[SOURCE RECORDS Boundary: Start]
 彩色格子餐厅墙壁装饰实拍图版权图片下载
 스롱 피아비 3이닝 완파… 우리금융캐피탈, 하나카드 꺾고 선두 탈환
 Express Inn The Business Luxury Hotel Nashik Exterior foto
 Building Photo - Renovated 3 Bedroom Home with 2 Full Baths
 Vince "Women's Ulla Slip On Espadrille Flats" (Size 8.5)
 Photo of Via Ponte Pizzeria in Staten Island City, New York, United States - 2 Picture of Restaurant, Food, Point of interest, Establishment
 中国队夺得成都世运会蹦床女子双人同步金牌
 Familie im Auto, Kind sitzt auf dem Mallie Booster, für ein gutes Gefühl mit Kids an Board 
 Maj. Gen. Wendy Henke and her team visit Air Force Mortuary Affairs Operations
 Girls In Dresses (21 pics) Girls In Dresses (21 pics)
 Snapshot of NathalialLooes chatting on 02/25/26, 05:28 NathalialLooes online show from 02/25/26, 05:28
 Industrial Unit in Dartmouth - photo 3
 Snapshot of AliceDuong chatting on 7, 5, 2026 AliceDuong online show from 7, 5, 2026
[SOURCE RECORDS Boundary: End]
Look through the records above and please copy every line in which the string "show" occurs.

 Snapshot of NathalialLooes chatting on 02/25/26, 05:28 NathalialLooes online show from 02/25/26, 05:28
 Snapshot of AliceDuong chatting on 7, 5, 2026 AliceDuong online show from 7, 5, 2026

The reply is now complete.